With lemmatization we were able to reduce the features from ca. 7500 to 7100. 

In [None]:
from sklearn.metrics import f1_score

In [None]:
# Train the model with stemmed and vectorized dataset
model_lemm = LogisticRegression(max_iter=1500)
model_lemm.fit(X_train_lemm_vectorized, y_train)
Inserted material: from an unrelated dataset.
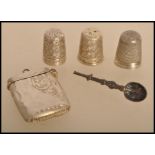 A selection of early 20th century silver items to include a small silver vesta pendant with scrolled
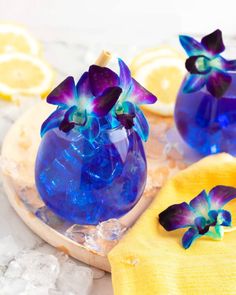 two blue vases filled with purple flowers sitting on top of a wooden tray next to lemon slices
# Predict the transformed test documents
predict_probab = model_lemm.predict_proba(lemm_vectorizer.transform(X_test))[:,1]
predictions = model_lemm.predict(lemm_vectorizer.transform(X_test))

print("F1 = {:.3f}".format(f1_score(y_test, predictions)))
print("AUC = {:.3f}".format(roc_auc_score(y_test, predict_probab)))



In [None]:
# get the feature names as numpy array
feature_names = np.array(lemm_vectorizer.get_feature_names_out())


# Sort the coefficients from the model
sorted_coef_index = model_lemm.coef_[0].argsort()

# Find the 10 smallest and 10 largest coefficients
# The 10 largest coefficients are being indexed using [:-11:-1]
# so the list returned is in order of largest to smallest
print("Smallest Coefs:\n{}\n".format(feature_names[sorted_coef_index[:10]]))
print("Largest Coefs: \n{}".format(feature_names[sorted_coef_index[:-11:-1]]))

The result for this last model are very similar to the first model we tested. 

You can test how well lemmatization in combination with tf-idf is working on our example data. Just remove the `#` at the beginning of the line (don't forget to add `#` to the respective same lines before).

## Testing our spam classfier

Let's test our classifier. You can also input your own text.

In [None]:
# Your input below
input_text = "We went yesterday to the beach, call me first. But then also call the other guy pls. Use this number and then the other number"

# Or use an example for the test set
#input_text = X_test.sample(1).iloc[0]
input_text

In [None]:
# You can change the model with model_stemm or model_lemm 
if model.predict(vect.transform([input_text]))[0] == 1:
    print('This is a spam!')
else:
    print('Not a spam :)')

In [None]:
from sklearn.metrics import hamming_loss
print(f'The hamming loss is {hamming_loss(y_test,predictions):.4f}')

Feel free to test your own SMS messages and see which words you can add to change the prediction of a ham message to a spam message.